Here is a few from my cam this year. Stuck the 9 pointer in the pics 5pm opening day.


----------



## Jim

Awesome!


Sent from my iPhone using Tapatalk


----------



## panFried

PA Delaware Fisher said:


> Here is a few from my cam this year. Stuck the 9 pointer in the pics 5pm opening day.


Nice!


----------



## BigTerp

Some new pictures from my Dad's 2 cameras that he pulled over the weekend. Bear season comes in on the 24th, so hopefully he'll get a shot at one of them.
















These are from a different property. We have a lot of bears roaming around.


----------



## GTS225

BigTerp said:


> These are from a different property.
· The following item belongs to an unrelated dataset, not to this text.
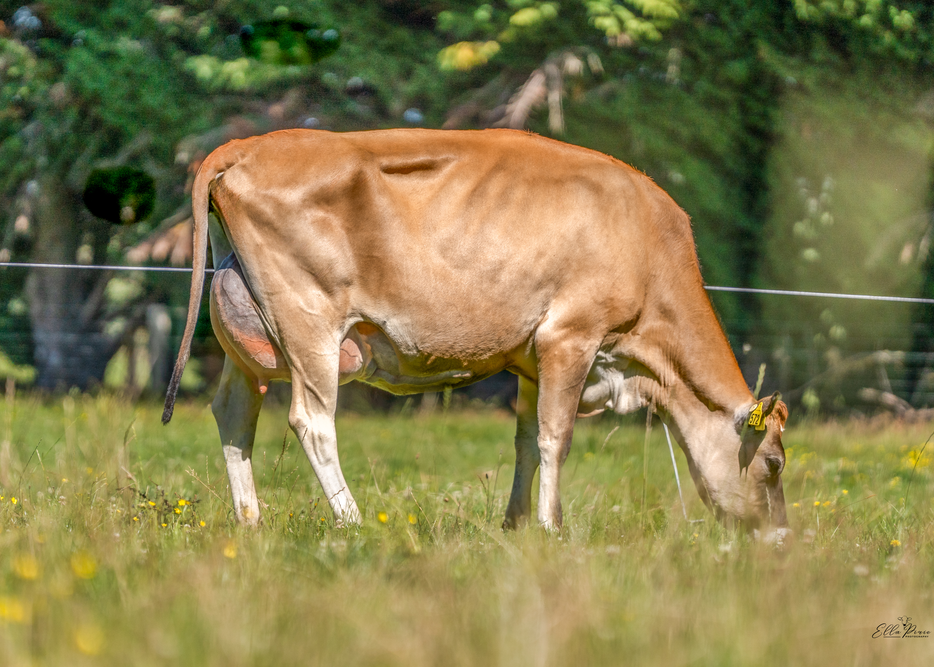 DAUGHTER OF SIRE- Daughter 572  Davidson Dairies Ltd, Culverden, 322528 PURIRI MAGNUM STRIKER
We have a lot of bears roaming around.


*******************************************************************************************

How can you be sure? You've only seen two at one time. It might be just those two, getting around quite a bit.
Just sayin'

Roger


----------



## overboard

PA Delaware Fisher said:


> Here is a few from my cam this year. Stuck the 9 pointer in the pics 5pm opening day.


NICE! Congrats
I want the one that looks like a zebra! :lol:


----------



## BigTerp

GTS225 said:


> BigTerp said:
> 
> 
> 
> 
> 
> 
> 
> These are from a different property. We have a lot of bears roaming around.
> 
> 
> 
> *******************************************************************************************
> 
> How can you be sure? You've only seen two at one time. It might be just those two, getting around quite a bit.
> Just sayin'
> 
> Roger
Click to expand...


Mostly from all we've seen the past several years. These are also from two different cameras on my grandfathers 2 properties that are separated by a few miles and 6 lanes of highway. So based on just camera evidence there are at least 3. Our DNR has also increased the bear lottery system allowing for more tags in our area which indicates the bear population is continuing to rise. 15 years ago we rarely would see a bear. Now, it's rare to not see one if your out deer hunting during the early season. But I guess I can't really be sure, if that's your point?


----------



## Jim

Out Hunting today with no luck. Rain and drizzling, and really windy. I did retrieve the camera and look what I found.


----------



## BigTerp

Nice Jim!! Now you'll have to figure out how to sleep at night and how to extend your PTO at work.


----------



## Jim

BigTerp said:


> Nice Jim!! Now you'll have to figure out how to sleep at night and how to extend your PTO at work.


 :LOL2: 

Here is where I need some help figuring these things out. As you can see these jokers like to get in front of the camera after legal hunting hours (half our before sunrise and half hour after sunset). What should I do?


----------



## bobberboy

Jim said:


> BigTerp said:
> 
> 
> 
> Nice Jim!! Now you'll have to figure out how to sleep at night and how to extend your PTO at work.
> 
> 
> 
> :LOL2:
> 
> Here is where I need some help figuring these things out. As you can see these jokers like to get in front of the camera after legal hunting hours (half hour before sunrise and half hour after sunset). What should I do?
Click to expand...


Maybe you'll to have to change "last call" on your land to about 5:00 p.m.


----------



## lovedr79

keep hunting. around here when the temps drop most of the bucks go nocturnal. just keep hunting, hope that he walks out during hunting hours.


----------



## panFried

Jim said:


> Out Hunting today with no luck. Rain and drizzling, and really windy. I did retrieve the camera and look what I found.



Nice!


----------



## panFried

Caught this guy several times now on film. This is the best one to share. He's been around a few years, so I'm hoping my son will get him next weekend on his last youth hunt.
https://youtu.be/06C8u_x5f8w


----------



## Jim

Awesome Panfried!


----------



## panFried

Jim said:


> Here is where I need some help figuring these things out. As you can see these jokers like to get in front of the camera after legal hunting hours (half our before sunrise and half hour after sunset). What should I do?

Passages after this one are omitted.